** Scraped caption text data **
◆ ◆ ◆ ◆ ◆ ◆ ◆

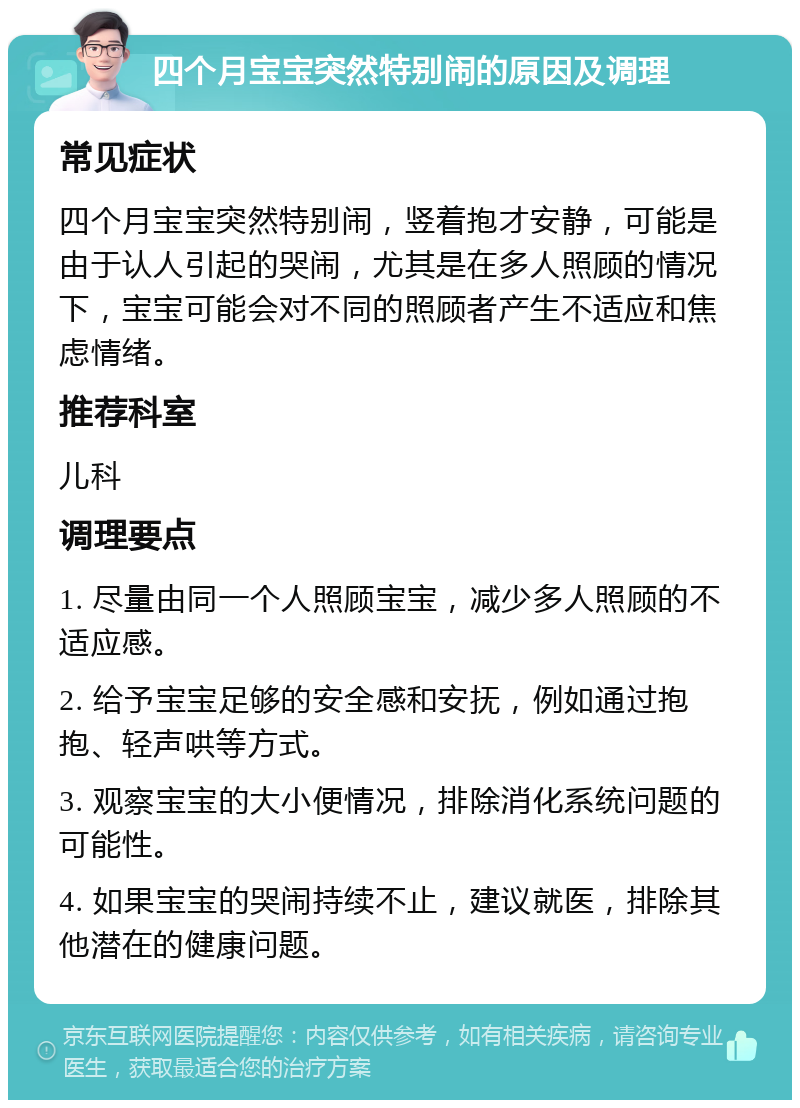 四个月宝宝突然特别闹的原因及调理 常见症状 四个月宝宝突然特别闹，竖着抱才安静，可能是由于认人引起的哭闹，尤其是在多人照顾的情况下，宝宝可能会对不同的照顾者产生不适应和焦虑情绪。 推荐科室 儿科 调理要点 1. 尽量由同一个人照顾宝宝，减少多人照顾的不适应感。 2. 给予宝宝足够的安全感和安抚，例如通过抱抱、轻声哄等方式。 3. 观察宝宝的大小便情况，排除消化系统问题的可能性。 4. 如果宝宝的哭闹持续不止，建议就医，排除其他潜在的健康问题。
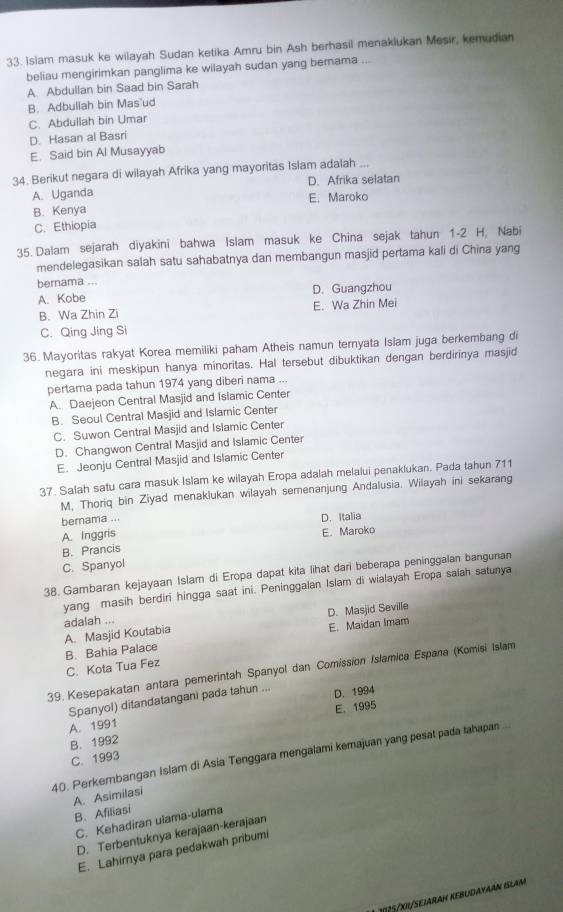 Islam masuk ke wilayah Sudan ketika Amru bin Ash berhasil menaklukan Mesir, kemudian
beliau mengirimkan panglima ke wilayah sudan yang bernama ...
A. Abdullan bin Saad bin Sarah
B. Adbullah bin Mas'ud
C. Abdullah bin Umar
D. Hasan al Basri
E. Said bin Al Musayyab
34. Berikut negara di wilayah Afrika yang mayoritas Islam adalah ...
A. Uganda D. Afrika selatan
B. Kenya E. Maroko
C. Ethiopia
35. Dalam sejarah diyakini bahwa Islam masuk ke China sejak tahun 1-2 H, Nabi
mendelegasikan salah satu sahabatnya dan membangun masjid pertama kali di China yang
bernama ...
A. Kobe D. Guangzhou
B. Wa Zhin Zi E. Wa Zhin Mei
C. Qing Jing Si
36. Mayoritas rakyat Korea memiliki paham Atheis namun ternyata Islam juga berkembang di
negara ini meskipun hanya minoritas. Hal tersebut dibuktikan dengan berdirinya masjid
pertama pada tahun 1974 yang diberi nama ...
A. Daejeon Central Masjid and Islamic Center
B. Seoul Central Masjid and Islamic Center
C. Suwon Central Masjid and Islamic Center
D. Changwon Central Masjid and Islamic Center
E. Jeonju Central Masjid and Islamic Center
37. Salah satu cara masuk Islam ke wilayah Eropa adalah melalui penaklukan. Pada tahun 711
M, Thoriq bin Ziyad menaklukan wilayah semenanjung Andalusia. Wilayah ini sekarang
bernama ...
A. Inggris D. Italia
E. Maroko
B. Prancis
C. Spanyol
38. Gambaran kejayaan Islam di Eropa dapat kita lihat dari beberapa peninggalan bangunan
yang masih berdiri hingga saat ini. Peninggalan Islam di wialayah Eropa salah satunya
D. Masjid Seville
A. Masjid Koutabia adalah ...
E. Maidan Imam
C. Kota Tua Fez B. Bahia Palace
39. Kesepakatan antara pemerintah Spanyol dan Comission Islamica Espana (Komisi Islam
Spanyol) ditandatangani pada tahun ... D. 1994
B. 1992 E. 1995
A. 1991
40. Perkerbangan Islam di Asia Tenggara mengalami kemajuan yang pesat pada tahapan ..
C. 1993
A. Asimilasi
B. Afiliasi
C. Kehadiran ulama-ulama
D. Terbentuknya kerajaan-kerajaan
E. Lahirnya para pedakwah pribumi
1125/XII/SeJArAH KEBüdAYAAN ISlAM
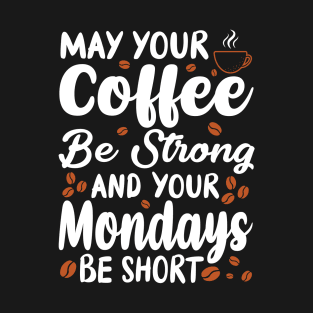 "May Your Coffee Be Strong" T-Shirt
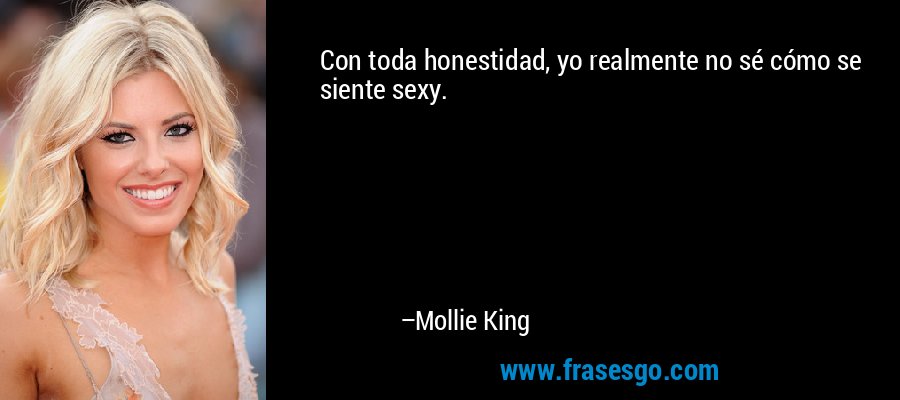Con toda honestidad, yo realmente no sé cómo se siente sexy. – Mollie King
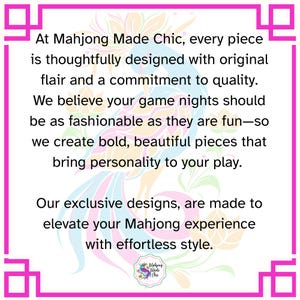 May include: A pink and white graphic with text that reads "At Mahjong Made Chic" and describes the brand's commitment to quality and design. The image includes a logo and floral accents.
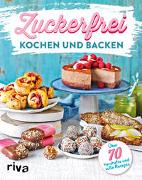 Zuckerfrei kochen und backen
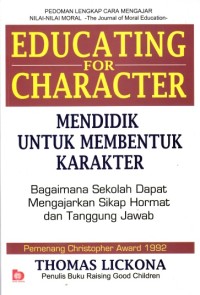 Mendidik untuk membentuk karakter: Bagaimana sekolah dapat mengajarkan sikap hormat dan tanggung jawab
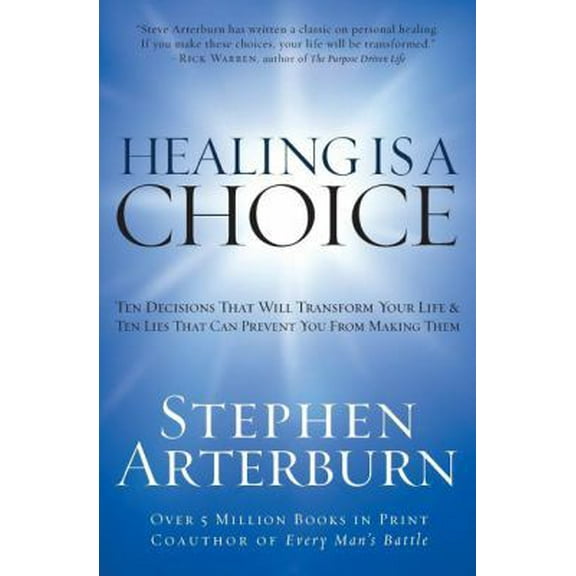 Pre-Owned Healing Is A Choice (Paperback) 0785288465 9780785288466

◆ ◆ ◆ ◆ ◆ ◆ ◆

** WHAT THE EXERCISE ASKS **
Where the word "negara" appears in a line of the entries, copy that line.

** EXPECTED OUTPUT **
34. Berikut negara di wilayah Afrika yang mayoritas Islam adalah ...
negara ini meskipun hanya minoritas. Hal tersebut dibuktikan dengan berdirinya masjid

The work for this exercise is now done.